Jennifer Guidi, Let the Light Fall Gently, sand, acrylic, oil and rocks on linen, 60 x 48 x 1.5 inches, 2023.

Richard Mosse, Broken Spectre at Jack Shainman

Even in the dark, Jack Shainman Gallery’s new Tribeca space looks stunning, its vast hall accommodating Richard Mosse’s film ‘Broken Spectre, an extraordinary warning-cry against ongoing environmental devastation in the Amazon.  Shown on a 60’ wide screen and toggling between ariel views of the landscape, on-the-ground footage of people involved in rainforest clearing, mining and agri-business, and microscopic views of minute ecosystems on the forest floor, Mosse catalogues the destruction using technology – multi-spectral video, infrared film and UV microscopy – that provides unique views of the environment.  Alarming and beautiful, Mosse’s film is the culmination of two years of work in the Amazon and, along with Ben Frost’s powerful soundtrack, is a persuasive argument for action.  (On view in Tribeca through March 16th).

Richard Mosse, installation of Broken Spectre at Jack Shainman Gallery, 2024.

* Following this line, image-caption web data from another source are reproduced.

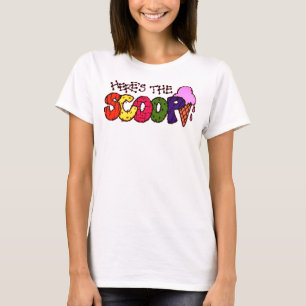 Hier is de Scoop Damespaghetti Bovenkant (gemontee T-shirt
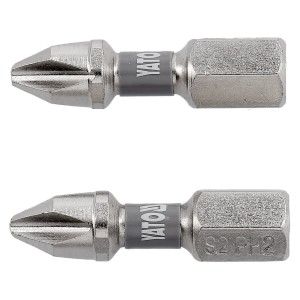 Насадка викруткова YATO PH2 х 25мм. HEX 1/4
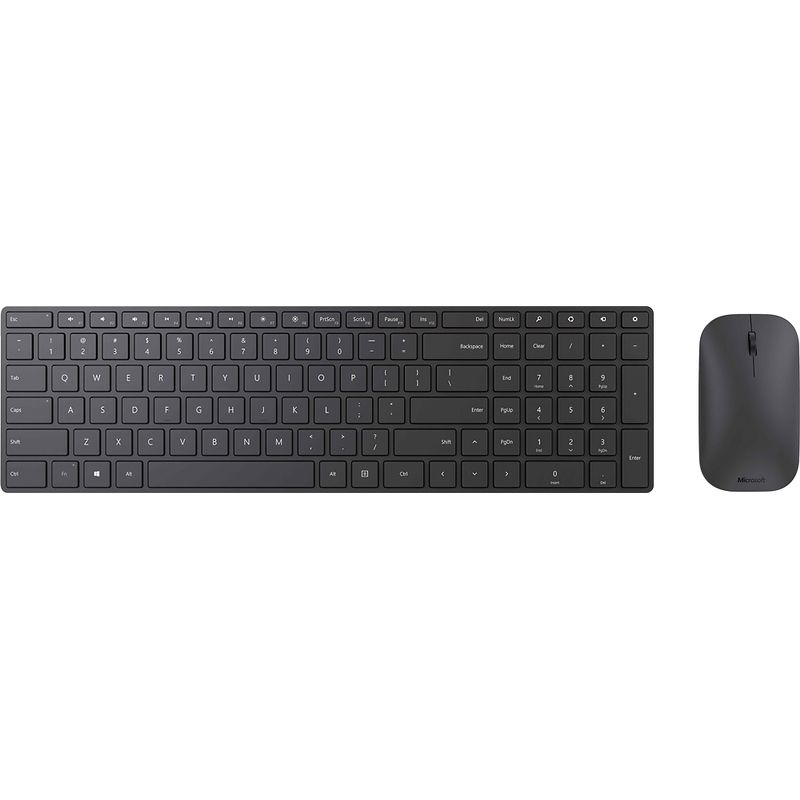 Front Zoom. Microsoft - Designer Bluetooth Wireless Keyboard and Mouse Bundle - Black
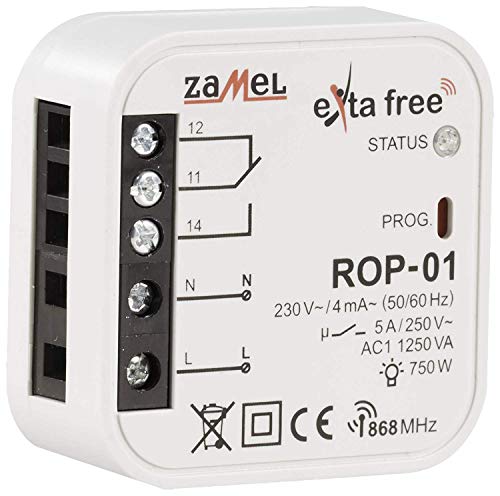 EXTA FREE ROP-01 1- Kanal Funkempfänger, 47,5x47,5x20 mm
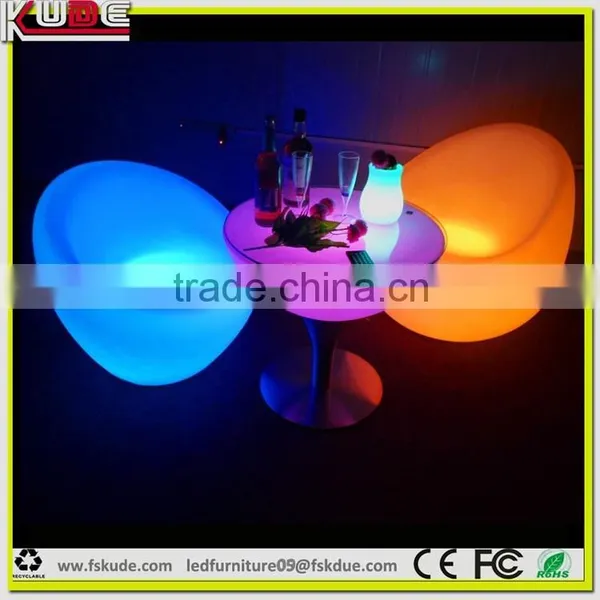 Battery Powered Outdoor Plastic LED Funny Bar Stools photo-6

Apollinaria Broche at Marianne Boesky Gallery

To a soundtrack featuring readings from Charles Baudelaire’s ‘Flowers of Evil,’ Apollinaria Broche’s ceramic and bronze flowers strike gangly poses in her solo show at Marianne Boesky Gallery, exuding both wonky charm and maleficence.  Like an insect to nectar, viewers are drawn into the center of colorful ceramic flowers that feature tiny bronze sculptures – a winged horse, a contented-looking cat – of cavorting magical creatures.  More ominous figures – snakes, flies – appear as well, suggesting that the flowers inhabit a garden less welcoming than it first appears.  In this detail image of ‘I hid my tracks Spit out all my hair,’ skulls and daggers mingle with the seeds of this lush blossoming plant, summoning a specter of death and violence where it might least be expected.  (On view in Chelsea through Feb 24th.)

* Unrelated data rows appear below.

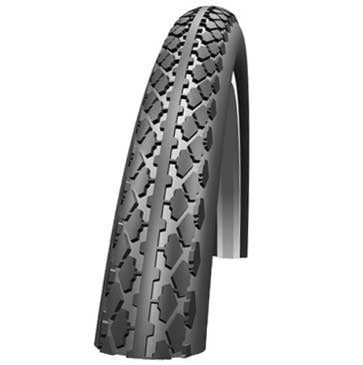 Schwalbe 159 tire, PP 37-584 (26 x 1 3/8 - 650STD) White Sidewalls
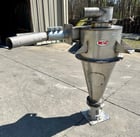 16" MAC, Stainless Cyclone, 12" straight side, 24" Cone height, 68" overall height, 3.5" O.D. Clean Air - Image 2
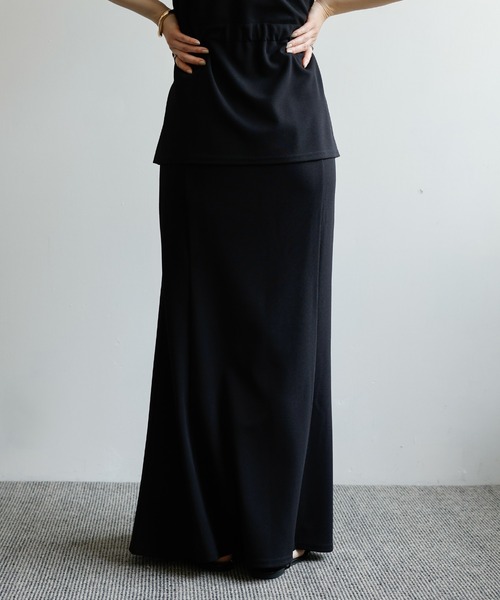 select MOCA Et(セレクトモカエト)の「【Et】Cut Georgette Skirt Set-up(セットアップ・レディース・ブラック/モカ・MEDIUM/LARGE)」の10枚目の写真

Apollinaria Broche, (detail) I hid my tracks Spit out all my air, glazed ceramic, bronze, 63 x 21 x 18 inches, 2023.

Constanza Schaffner at Luhring Augustine Gallery

Constanza Schaffner goes eye to eye with a friendly lion, laughs with abandon and basks in the light in new, fantastical self-portraits at Luhring Augustine Gallery’s Tribeca space.  Here, the shadow of a large flower falling over Schaffner’s face adds complexity to her appearance while the light from another planetary orb illuminates from behind.  Alongside her, her hair transforms into swirling glyphs and her uncovered shoulders come alive in a multi-color pattern of yellow, peach and blue tones that take her far from traditional portraiture into a place of inventive freedom.  (On view through March 2nd ).

Constanza Schaffner, Un canto que atravieso, oil on linen, 90 x 70 inches, 2023.

Madeline Hollander at Bortolami Gallery

Initially trained as a ballet dancer, Madeline Hollander incorporates movement into her artistic practice in surprising and delightful ways.  Her current solo show at Bortolami Gallery in Tribeca titled ‘Entanglement Choreography’ presents a grid of six mirrored pods on round pedestals which at first glance belie the magic of peering inside.  Each sculpture houses a tiny rotating dancing figure, abstracted like a Matisse nude, which at a certain angle appears to both float above the pod and be contained within it.  Nodding in the title to the notion in physics of quantum entanglement, when two separate particles demonstrate a connection with each other as if moving as if in a dance, Hollander’s partners manifest what Einstein called ‘spooky action at a distance.’ (On view in Tribeca through March 2nd).

Madeline Hollander, Entanglement Choreography VI (figs. 6, 12, 18, 24), 24 x 24 x 32 ½ inches, 2023.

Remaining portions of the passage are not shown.